Dari persoalan-persoalan di atas berdampak ”pekerjaan sebagai driver ojol tidak lagi dijadikan sebagai sumber pendapatan utama, melainkan sebagai profesi sampingan”. Dalam beberapa tahun ke depan, jumlah driver ojek online (ojol) diprediksi akan menurun drastis. Ini menjadi bukti lepas tangannya negara atas kesejahteraan rakyatnya.
Diver Ojol Menjadi Sasaran Kapitalis
Kesenjangan-kesenjangan yang dialami driver ojol terjadi karena hubungan kerja yang dilandaskan kepada sistem kapitalisme, sehingga ojol menjadi sapi perah pengusaha kapitalis. Ini juga menjaadi bukti lepas tangannya negara atas kesejahteraan rakyatnya.
Banyak ketidakperikemanusiaan dalam dunia kerja di mana kaum buruh termasuk driver ojol dieksploitasi dan dimanipulasi untuk bekerja dengan upah sedikit oleh para pemilik modal yang hanya peduli dengan melipatgandakan modal. Dan mirisnya pada titik ini, pendapatan driver berkurang dan pendapatan perusahaan tetap bertambah.

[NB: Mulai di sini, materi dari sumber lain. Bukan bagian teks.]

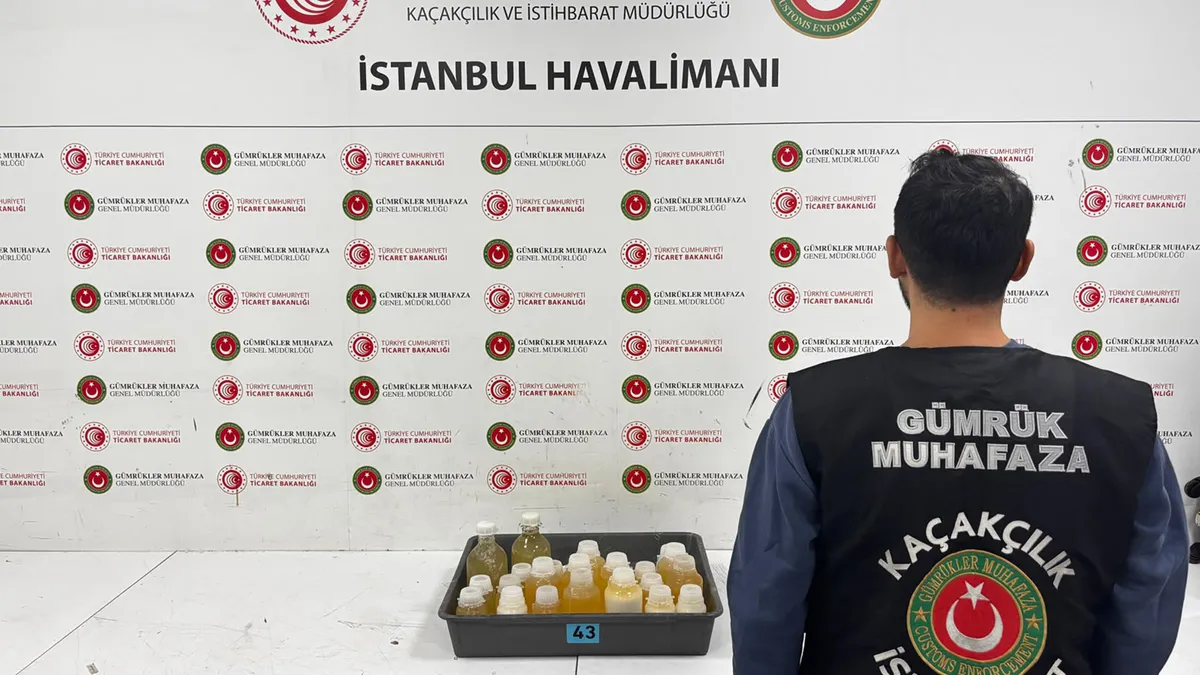 İstanbul Havalimanı’nda zehir tacirlerine darbe! 34 kilo 400 gram kokain ele geçirildi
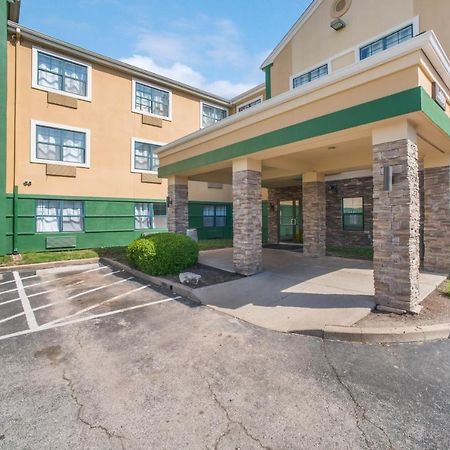 Hometowne Studios By Red Roof St. Louis - Airport/N Lindbergh Hazelwood Exterior foto
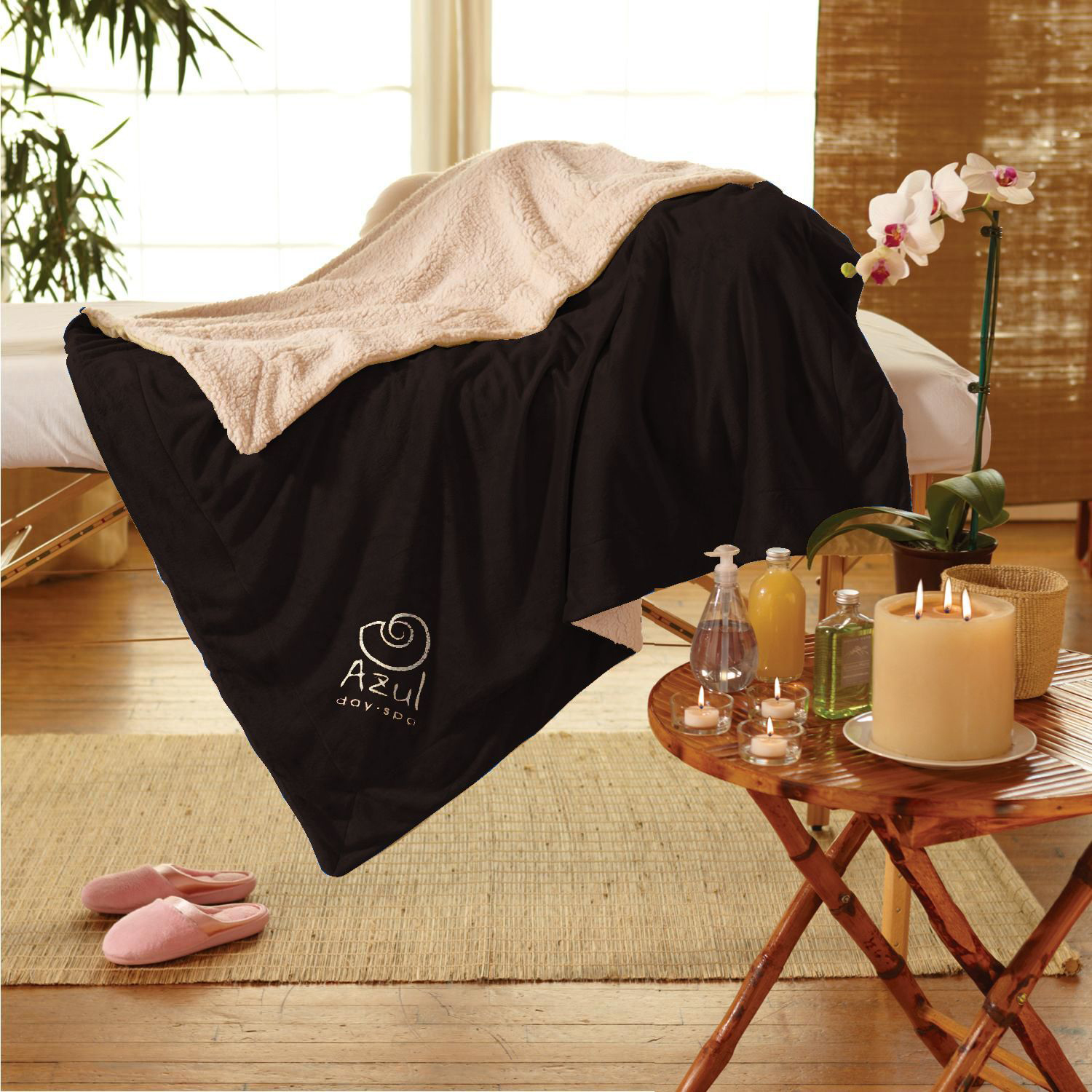 Micro Mink Sherpa Blanket 11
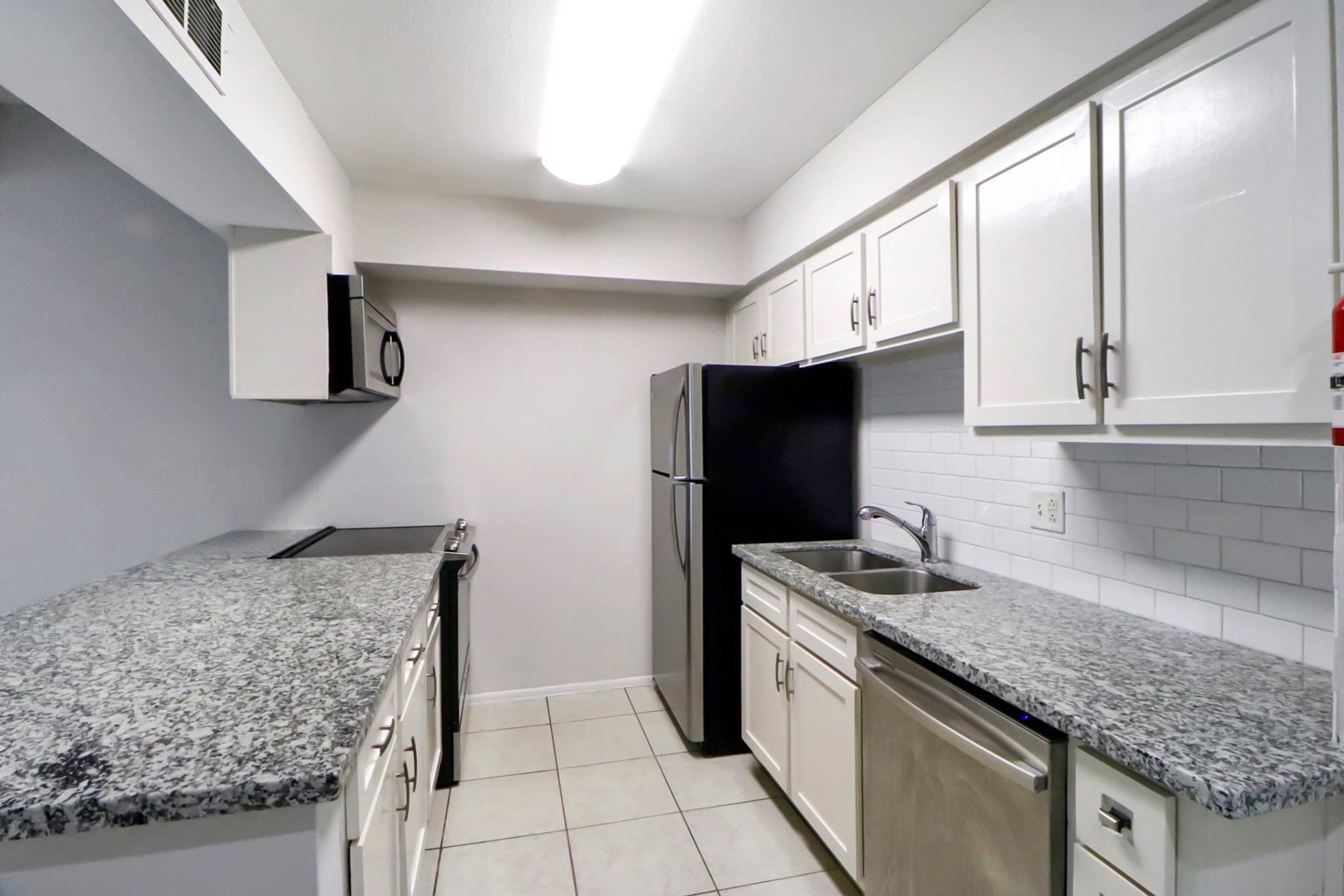 5929 Queensloch Drive, #127, Houston, TX 77096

Dalam area kapitalis yang menjadi tujuan bisnis adalah melipatgandakan modal, maka aspek kemanusiaan dinomorduakan dan uang dinomorsatukan. Akibatnya kaum miskin dipekerjakan secara kurang adil (dieksploitasi) dengan berbagai macam trik dan jargon yang menghalalkan penindasan tersebut.
Tindakan penindasan tersebut disamarkan dengan halus lewat teknologi dan berbagai ilusi baru, contohnya adalah Ekonomi Kemitraan ojol. Ketidakadilan terhadap drivers sudah didesiain di dalam sistem aplikasi yang mengurangi tarif terhadap driver secara sepihak.
Aplikasi juga didesain dengan sengaja agar tidak ada perincian yang jelas kepada driver tentang pendapatan dan potongan-potongan, juga terdapat kesan bahwa driver dipersulit untuk membela haknya melalui aplikasi. Di sini terlihat jelas peran teknologi dalam penindasan neo-liberalisme yang dialami para drivers.
Islam Menjamin Kesejahteraan Mata Pencaharian Masyarakat
Negara dalam Islam memiliki peran besar dalam menjaga keharmonisan antara pengusaha dan pekerja, juga menjamin kesejhateraan setiap individu rakyat. Islam memiliki aturan yang saling menguntungkan antara pengusaha dan pekerjanya dan melarang sikap saling menzalimi.
Islam membantu merealisasikan kesejahteraan manusia melalui suatu alokasi dan distribusi sumber-sumber daya langka yang seirama dengan maqashid (tujuan atau sasaran), tanpa mengekang kebebasan individu, menciptakan ketidakseimbangan makro ekonomi dan ekologi yang berkepanjangan, atau melemahkan solidaritas keluarga dan sosial serta jaringan moral masyarakat.